━━ Record extracts
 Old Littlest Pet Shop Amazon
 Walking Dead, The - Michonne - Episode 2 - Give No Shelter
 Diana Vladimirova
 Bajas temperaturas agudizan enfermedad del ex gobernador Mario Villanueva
━━━━
━━ Record extracts
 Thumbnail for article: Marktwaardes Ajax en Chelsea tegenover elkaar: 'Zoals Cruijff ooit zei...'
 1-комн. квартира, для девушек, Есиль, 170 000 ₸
━━━━
━━ Record extracts
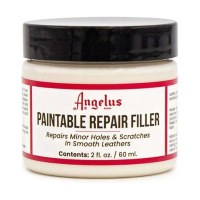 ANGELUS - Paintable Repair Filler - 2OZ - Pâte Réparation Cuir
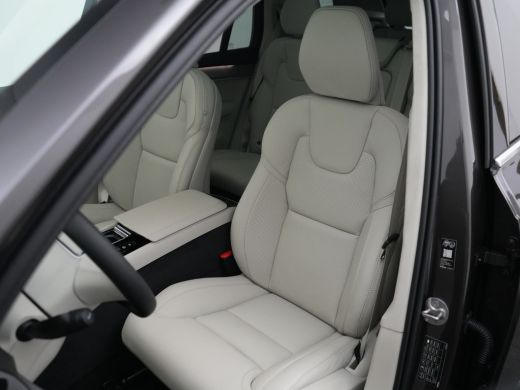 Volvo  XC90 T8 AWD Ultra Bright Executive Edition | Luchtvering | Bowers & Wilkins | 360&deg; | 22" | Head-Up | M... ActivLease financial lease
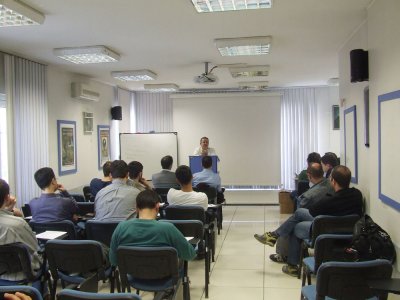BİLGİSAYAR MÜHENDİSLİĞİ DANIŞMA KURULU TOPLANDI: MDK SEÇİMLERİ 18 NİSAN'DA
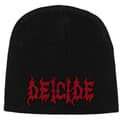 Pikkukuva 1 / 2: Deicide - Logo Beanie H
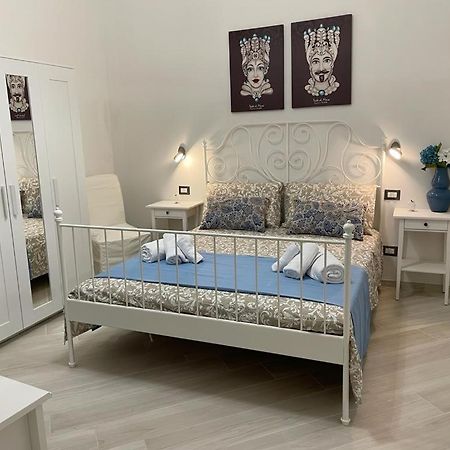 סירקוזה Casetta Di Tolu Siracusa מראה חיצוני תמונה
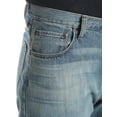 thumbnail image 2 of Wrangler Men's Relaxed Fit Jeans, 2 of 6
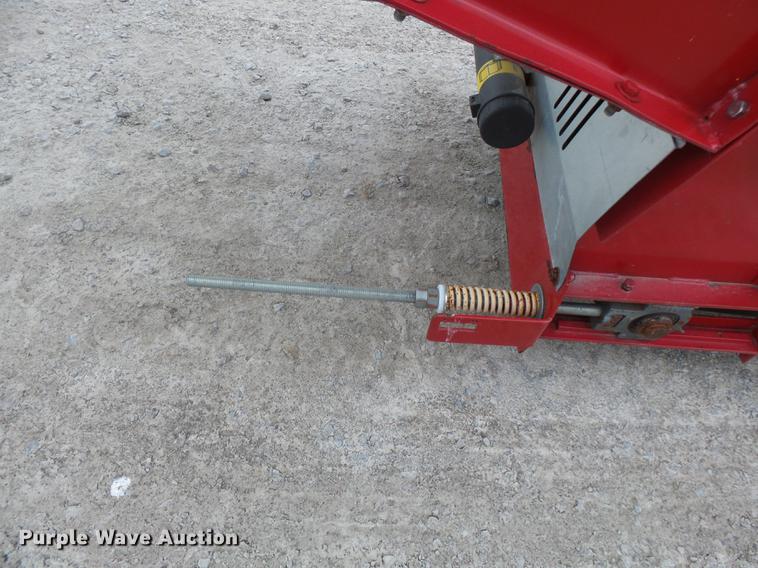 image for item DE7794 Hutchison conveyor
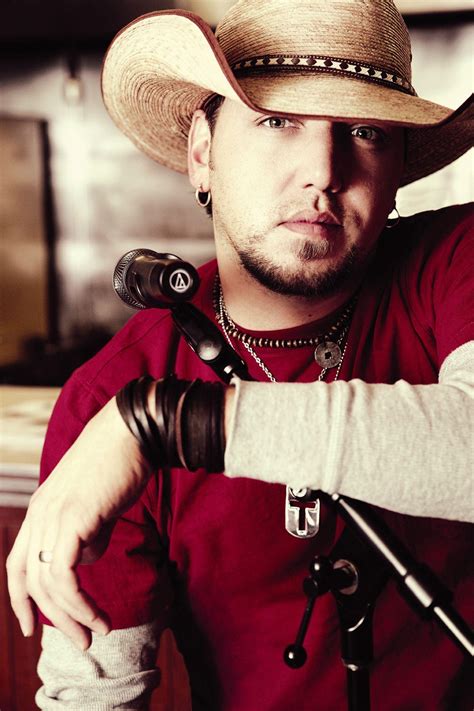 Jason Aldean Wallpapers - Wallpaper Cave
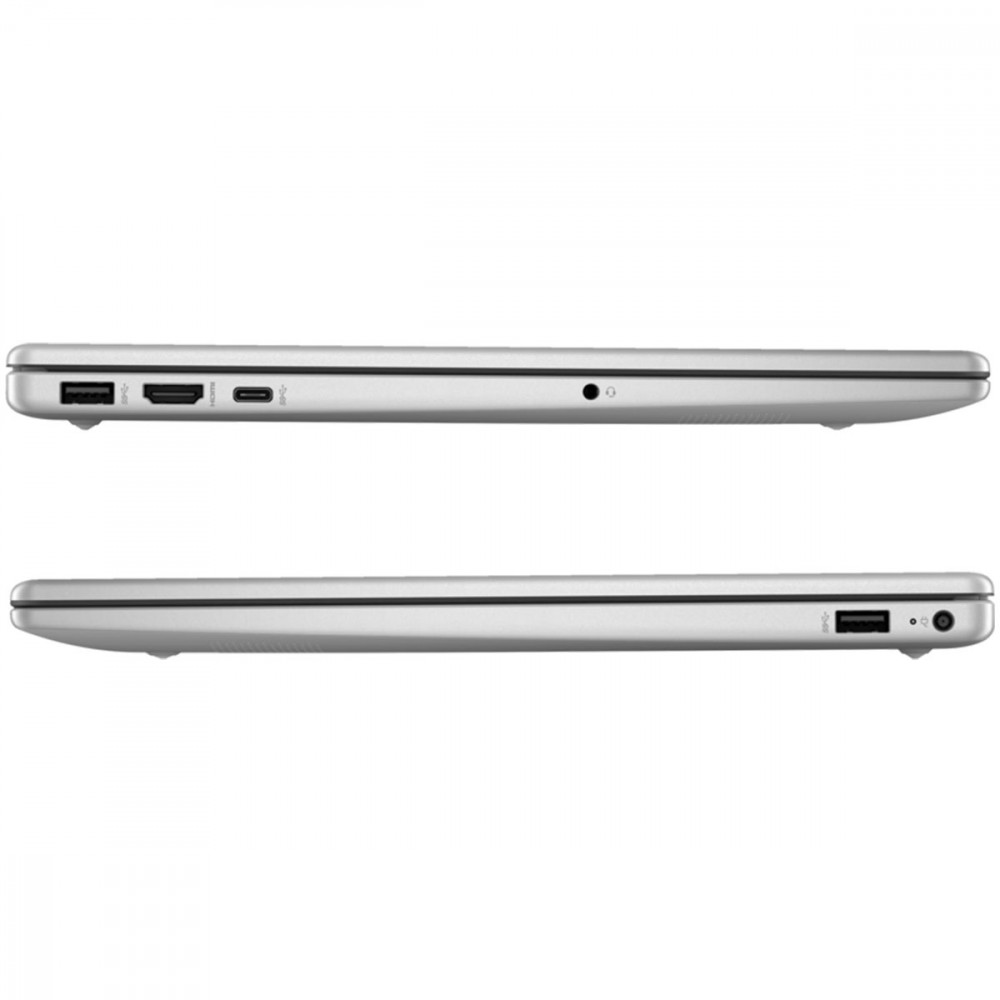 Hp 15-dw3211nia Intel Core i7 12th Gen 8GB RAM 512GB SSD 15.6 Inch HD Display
━━━━
• _Exercise aim_
Look above for the line with "Old Littlest Pet Shop Amazon"; retype exactly that line, every line after it up to the line with "Bajas temperaturas agudizan", and that line too, nothing else.

• _Answer space_
 Old Littlest Pet Shop Amazon
 Walking Dead, The - Michonne - Episode 2 - Give No Shelter
 Diana Vladimirova
 Bajas temperaturas agudizan enfermedad del ex gobernador Mario Villanueva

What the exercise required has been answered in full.